All About MeSeptember 25, 2004
My son Ben is in 3rd grade and recently participated in the annual rite-of-fall experience - the All About Me presentation. Each year, the students in his class take turns sharing 10-15 things about themselves. This year's version featured a series of questions: favorite color (blue), favorite food (smoothie), favorite thing to do (read), I want to be an (architect ?) when I grow up, I love (baseball), and more. He does such a good job each year, and has so much fun doing it, that I decided I should give it a try. And what better day to write All About Me than on your 34th birthday?
Who are you?
My name is Brian Bailey. I was born and raised in Michigan, got married in Chicago, and moved to the Dallas area in 1993. Since 1995, my family and I have lived in the wonderful town of Flower Mound.
Who are Lori and Ben?
You'll find my wife Lori and son Ben making fairly regular appearances in my writing. Lori and I met in 8th grade and started dating in the spring of our junior year of high school. We dated throughout college and got married one week after graduation. Lori also works at Fellowship and is in almost every way my better. She was my first date and continues to be my first love.

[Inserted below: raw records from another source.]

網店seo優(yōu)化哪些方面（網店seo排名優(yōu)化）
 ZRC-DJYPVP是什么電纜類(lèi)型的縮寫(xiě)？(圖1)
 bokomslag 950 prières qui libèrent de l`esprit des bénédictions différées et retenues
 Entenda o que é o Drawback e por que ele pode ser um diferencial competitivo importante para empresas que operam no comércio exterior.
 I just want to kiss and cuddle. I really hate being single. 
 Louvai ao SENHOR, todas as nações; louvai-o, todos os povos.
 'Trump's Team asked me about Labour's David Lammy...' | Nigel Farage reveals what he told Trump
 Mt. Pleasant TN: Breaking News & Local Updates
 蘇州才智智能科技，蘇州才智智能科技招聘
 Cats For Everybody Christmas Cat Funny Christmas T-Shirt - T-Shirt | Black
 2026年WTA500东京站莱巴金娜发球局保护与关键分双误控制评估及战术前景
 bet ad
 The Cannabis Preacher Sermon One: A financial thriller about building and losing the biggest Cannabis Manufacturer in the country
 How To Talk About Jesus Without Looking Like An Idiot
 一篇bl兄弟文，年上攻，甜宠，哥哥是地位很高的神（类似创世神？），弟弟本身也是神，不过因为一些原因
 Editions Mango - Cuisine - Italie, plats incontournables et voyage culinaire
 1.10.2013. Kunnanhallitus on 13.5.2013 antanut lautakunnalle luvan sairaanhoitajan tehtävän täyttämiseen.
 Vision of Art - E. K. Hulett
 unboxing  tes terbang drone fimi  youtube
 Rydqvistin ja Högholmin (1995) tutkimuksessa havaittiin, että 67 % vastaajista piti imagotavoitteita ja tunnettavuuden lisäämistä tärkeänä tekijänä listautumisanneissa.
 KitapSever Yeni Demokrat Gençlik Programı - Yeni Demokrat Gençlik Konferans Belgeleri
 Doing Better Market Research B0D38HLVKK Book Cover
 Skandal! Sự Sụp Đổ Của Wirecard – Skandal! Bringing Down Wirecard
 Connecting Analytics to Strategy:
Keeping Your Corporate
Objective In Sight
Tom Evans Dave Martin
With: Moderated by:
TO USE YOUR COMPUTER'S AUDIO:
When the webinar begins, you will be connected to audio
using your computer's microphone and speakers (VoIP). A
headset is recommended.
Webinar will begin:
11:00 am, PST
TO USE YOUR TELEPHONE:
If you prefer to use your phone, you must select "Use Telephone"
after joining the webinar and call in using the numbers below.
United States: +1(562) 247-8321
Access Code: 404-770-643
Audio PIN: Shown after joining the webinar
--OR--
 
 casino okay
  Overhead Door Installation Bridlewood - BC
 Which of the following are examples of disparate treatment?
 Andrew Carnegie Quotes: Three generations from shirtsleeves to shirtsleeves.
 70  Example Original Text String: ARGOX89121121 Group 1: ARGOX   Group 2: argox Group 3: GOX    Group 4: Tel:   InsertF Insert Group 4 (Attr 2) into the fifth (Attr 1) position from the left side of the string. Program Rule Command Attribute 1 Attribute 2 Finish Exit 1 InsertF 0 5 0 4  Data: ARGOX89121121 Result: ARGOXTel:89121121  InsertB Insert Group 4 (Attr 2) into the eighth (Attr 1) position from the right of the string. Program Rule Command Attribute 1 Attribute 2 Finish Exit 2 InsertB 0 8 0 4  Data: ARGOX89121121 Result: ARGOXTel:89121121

Our son Bennett was born just over three years later. He's a great blend of Lori and I. After my relationship with Christ and my marriage to Lori, there's nothing in life I love more than being Ben's dad.
Where did you go to school?
After spending our freshman years apart, I joined Lori at Michigan State University and majored in Philosophy. My main reason for attending MSU (outside of the love of my life being there) was actually James Madison College, a residential college within the larger university. I spent two years within James Madison, working toward the coolest major ever named in a student handbook: Justice, Morality, and Constitutional Democracy! Though it really just meant "Political Theory", I was sure I would do anything to receive a diploma with that written on it. Unfortunately, that was not actually true; I was not willing to take two years of a foreign language (a personal achilles heal). Instead, I switched to Philosophy which was not quite as cool or interesting, but did not require anything other than my mother tongue.
Where do you work?
I have the incredible honor of serving as the Internet Manager at Fellowship Church, the 5th largest church in the country. My team and I are responsible for developing and maintaining four unique websites, as well as our internal church management solution. Fellowship is an intense, challenging, and infinitely creative organization that never loses sight of what is at stake each and every day.
I started at Fellowship over four years ago as a part-time help desk employee and have had many different technology roles throughout, each more intimidating than the last! Thankfully, I've been led by a fantastic manager each step of the way, Terry Storch. Whether its technology, managing, problem solving, or the inner core of Fellowship, I can honestly say he's taught me everything I know.
Why is this site called Leave It Behind?
Great question! You'll find the answer here.
What is the focus of this weblog? Do you speak for Fellowship Church?
Though I am a Fellowship Church employee and often write about the church, everything on this site is my personal opinion and is not read or approved before posted.
I started LeaveItBehind.com because I love to write and wanted the challenge of producing something on a regular basis. Over these first six months, I have resisted the desire to divide this weblog into multiple sites - one personal, one church-related, one dedicated to technology.
Why? Because I'm not divided. Each part of me impacts the other. Church, technology, family, music, and films are all part of each of my days. I don't leave church behind when I walk out of the worship center, nor do I leave work behind when I leave the office or leave my family behind when I step outside of my house.
All of these pieces are fully part of me, always, and this weblog is the thousand words attempting to describe that completed picture.